Abortion rights activists react during a debate in the Polish parliament from the gallery of the assembly, in Warsaw, Poland (Czarek Sokolowski/AP)
Abortion rights activists react during a debate in the Polish parliament from the gallery of the assembly, in Warsaw, Poland (Czarek Sokolowski/AP)

Polish legislators have voted to continue work on proposals to lift a near-total ban on abortion, a highly divisive issue in the traditionally Roman Catholic country, which has one of the most restrictive laws in Europe.

Members of the lower house of parliament, the Sejm, voted to work on four separate bills.

Two of them propose legalising abortion through the 12th week of pregnancy, in line with European norms.

Poland Abortion
Dariusz Matecki, a conservative legislator in the Polish parliament, displays a poster during a debate on liberalising the abortion law (Czarek Sokolowski/AP)

One plan proposes decriminalising assistance for a woman who terminates a pregnancy.

And a fourth would keep a ban in most cases but allows abortions in cases of fetal defects — a right that was eliminated by a 2020 court ruling.

The party of centrist Prime Minister Donald Tusk is seeking to change the law to allow women to terminate pregnancies up to the 12th week of pregnancy.

Abortion rights advocates said the decision to continue work on the bills, and not reject them outright, was a step in the right direction.

But they also say that no real change in the law is likely to come soon.

And any liberalisation bill would likely be vetoed by President Andrzej Duda, a conservative who last month vetoed a bill making the morning-after pill, which is not an abortion pill but emergency contraception, available over-the-counter to women and girls 15 and older.

Poland Abortion
Abortion rights activists attend a debate in the Polish parliament from the gallery of the assembly, in Warsaw, Poland (Czarek Sokolowski/AP)

Mr Duda’s second and final term runs until the summer of 2025.

Abortion opponents are also mobilised in a country that has long considered Catholic faith to be a bedrock of national identity but which is also in the process of fast secularisation.

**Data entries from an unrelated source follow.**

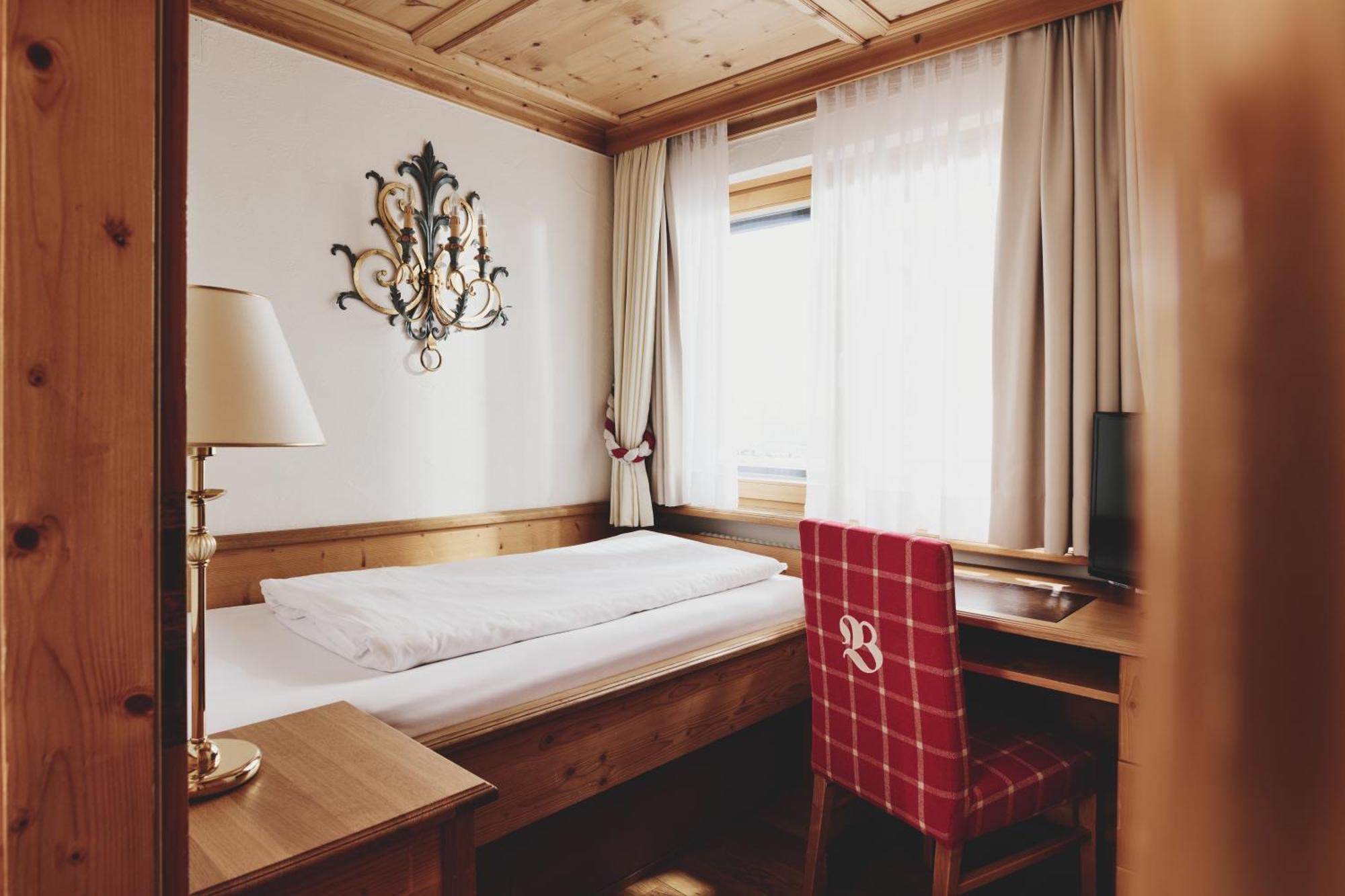 Burg Hotel Oberlech Екстер'єр фото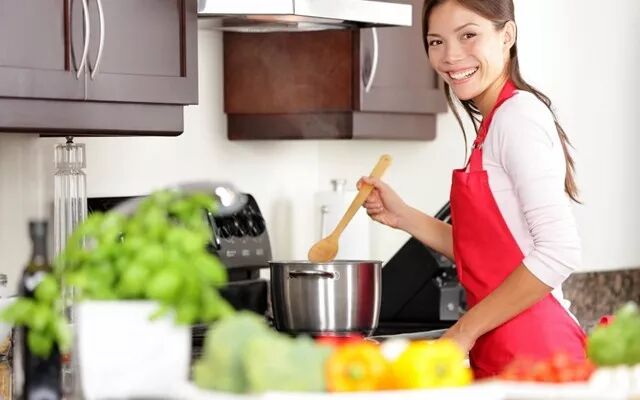 来大姨妈痛得不要不要的？月经期间这几类食物千万不能吃！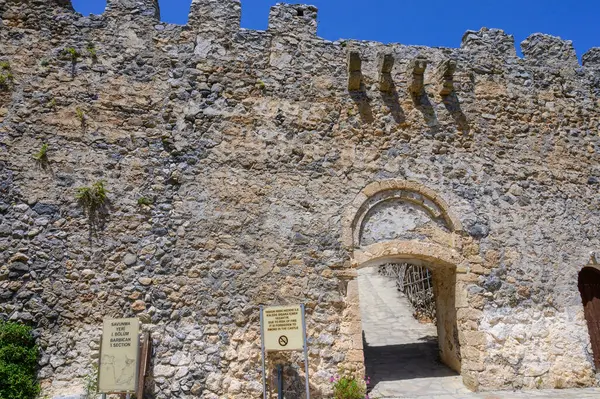 St. Hilarion Kalesi 'nin kalıntıları Akdeniz' in nefes kesici manzarasıyla bir dağ sırtında yer almaktadır.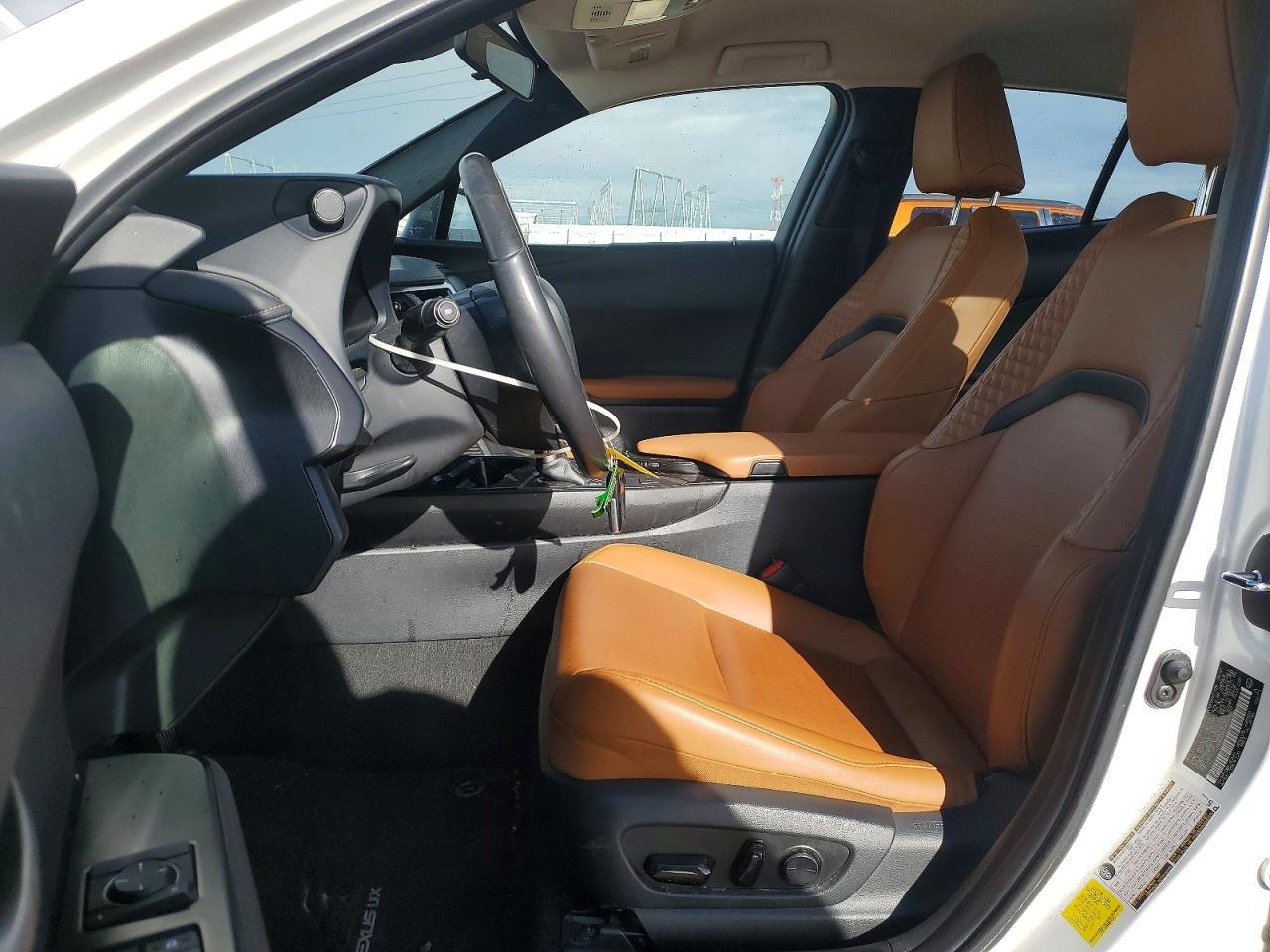 2021 LEXUS UX 200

The Catholic church called on the faithful to make Sunday a day of prayer “in defence of conceived life,” in a statement carried by the state news agency Pap.

Currently abortions are only allowed in the cases of rape or incest or if the woman’s life or health is at risk.

Reproductive rights advocates say that even in such cases, doctors and hospitals turn away women, fearing legal consequences for themselves or citing their moral objections.

According to Health Ministry statistics, only 161 abortions were performed in Polish hospitals in 2022.

The reality is that many Polish women already have abortions, often with pills mailed from abroad.

Groups that help provide the pills estimate that some 120,000 abortions are carried out each year by women living in Poland.

It is not a crime for a woman to perform her own abortion. But assisting a woman in such a case is a crime punishable by up to three years in prison.

One of the four bills that passed for further work is a proposal by the Left that would decriminalise assisting a woman who has an abortion.

The European Parliament adopted a resolution on Thursday demanding the inclusion of the right to abortion in the European Union’s Charter of Fundamental Rights.

Lawmakers called on Poland and Malta, the two countries with the toughest limitations on abortion, to lift restrictions on the issue.